Fail-closed validation
The authority evaluator in caracal/core/authority.py denies execution when it cannot prove authority. Denials include cases such as:
- missing mandate
- revoked mandate
- expired or not-yet-valid mandate
- invalid signature
- out-of-scope action
- out-of-scope resource
- invalid delegation path
This is one of the most important security properties in the runtime.
Secret and key handling
The runtime uses several layers of local secret material:
- workspace secrets stored through the configuration manager
- config-encryption support for encrypted config values
- principal signing material managed through principal key storage helpers
- Merkle signing keys under the workspace key path
- local keystore material under the Caracal storage layout
Runtime Boundary
The open-source runtime uses container separation plus a restricted in-container shell:
- host
caracalcommands orchestrate Docker resources caracal clienters a restricted Caracal-only session- Flow uses workspace-local logs to avoid leaking runtime noise into the UI
This is an operational boundary, not a full sandbox guarantee for arbitrary hostile code.

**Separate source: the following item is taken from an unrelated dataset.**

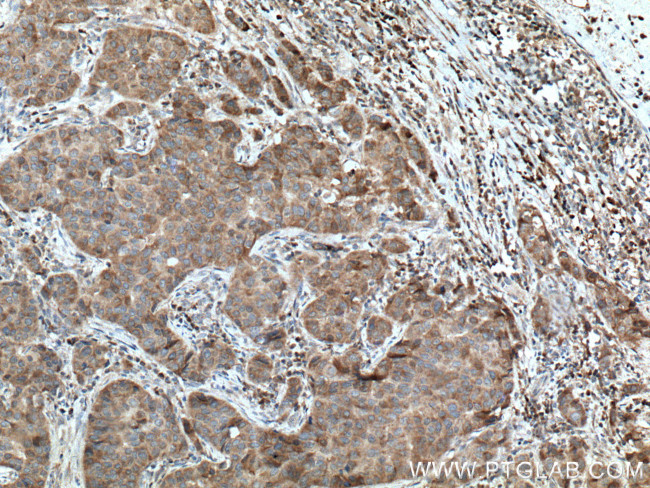 Sestrin 2 Antibody in Immunohistochemistry (Paraffin) (IHC (P))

The project still assumes you control the runtime environment.
Internal Behavior
Security-relevant implementation choices visible in the codebase include:
- PostgreSQL is required and must fail loudly when unavailable
- Redis and Merkle are treated as mandatory runtime capabilities
- workspace-local operational paths are enforced even if config points elsewhere
- Merkle keys are auto-provisioned when missing so integrity workflows stay available
- purge and workspace deletion paths explicitly clean up runtime state and, when possible, workspace schemas
Practical Usage
Useful operational commands:
caracal config-encrypt status
caracal config-encrypt encrypt <value>
caracal merkle verify-range ...
caracal audit export
Use these when you need to review encrypted config handling, integrity state, or audit evidence.
Vulnerability Reporting
Public security reports should go to support@garudexlabs.com.
Do not disclose a vulnerability publicly before a fix or mitigation has been published.
Edge Cases And Constraints
- The public docs describe security behavior that is visible in the open-source code. They do not document enterprise-only internals.
- Some secret storage flows degrade gracefully when a system keyring is unavailable by deriving fallback encryption material. That keeps the runtime operable, but the behavior should still be understood by operators.
- Validation failures are not all identical. An execution can fail for scope mismatch, cryptographic failure, revocation, timing, or graph-path reasons, and the authority ledger preserves that distinction.